It was determined earlier by removing the driver tube that the hum is power supply related. If this is indeed the case no amount of shielding will fix it. It was stated in post #5 here, that a choke in the power supply will likely be needed since the builder is in a 50 Hz country:
Do I really need a choke?
There is one other possibility that I forgot to mention. Remove the output tubes from the amp and turn the amp on. I there is still hum, it's from magnetic coupling between the power transformer and the OPT's, since without the tubes there is no other path into the OPT.
I agree that tube amp circuitry in open air is not safe, however it can be successful. I have built several tube amps in wood or Lexan boxes with no metal. The electrical parts do need to be covered as to prevent shocks.
The Lexan amp seen here is dead quiet when connected to 106 dB Lowther based horn speakers. So is the "open air" test SSE. The results might have been different on a 50 Hz power source.

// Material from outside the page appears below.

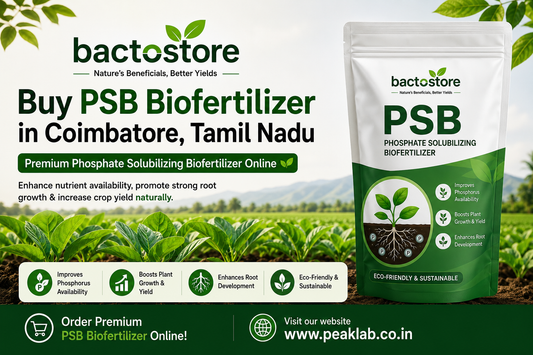 Buy PSB Biofertilizer in Coimbatore, Tamil Nadu for Better Crop Growth Naturally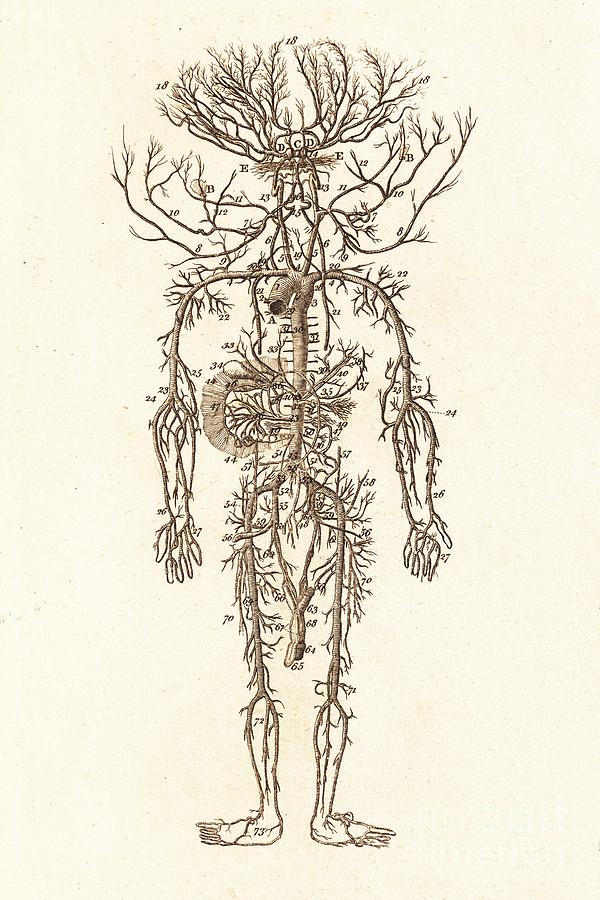 Veins Of The Human Circulatory System. Photograph by David Parker ...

Having owned a Carver M-400 "Cube" amp many years ago, I decided to build a "Tube Cube" about 14 years ago. It contained two of my SPP boards built for 6CW5 tubes. Each board had it's channels wired in parallel for 60 watts of mono block power. Two such mono blocks were stuffed into into the tiny Cube, each powered from its own Antek Toroidal OPT. The two Anteks were stacked on top of each other with EL (Electro-Luminescent) wire wrapped through their cores. The wire was fed from the plates of the output tubes via simple RC filters for multi colored light effects that "danced to the music." That is also the reason for the abundance of shiny diamond plate metal inside the wood and Lexan box.
I called the glowing transformers the "Tubelab Sonic Reactor," two core version. There was a 4 core version that was intended for use as an OPT in a guitar amp with 8 output tubes, but that amp never got built. The 4 core "Sonic Reactor" is still in a box around here somewhere.
This amp was my daily driver amp connected to my PC for a couple years, until as usual for me, I made a new toy, and this amp wound up on the shelf. It was also dead quiet. Several years later it got robbed for it's OPT's, then most of the other parts over time. The "Tube Cube" box will be seen again, most likely with an UNSET board inside.
The light show may not reappear since the novelty wore off and it became quite annoying. If it returns, there will be an OFF switch. The 4 core guitar amp with lights may be cool though.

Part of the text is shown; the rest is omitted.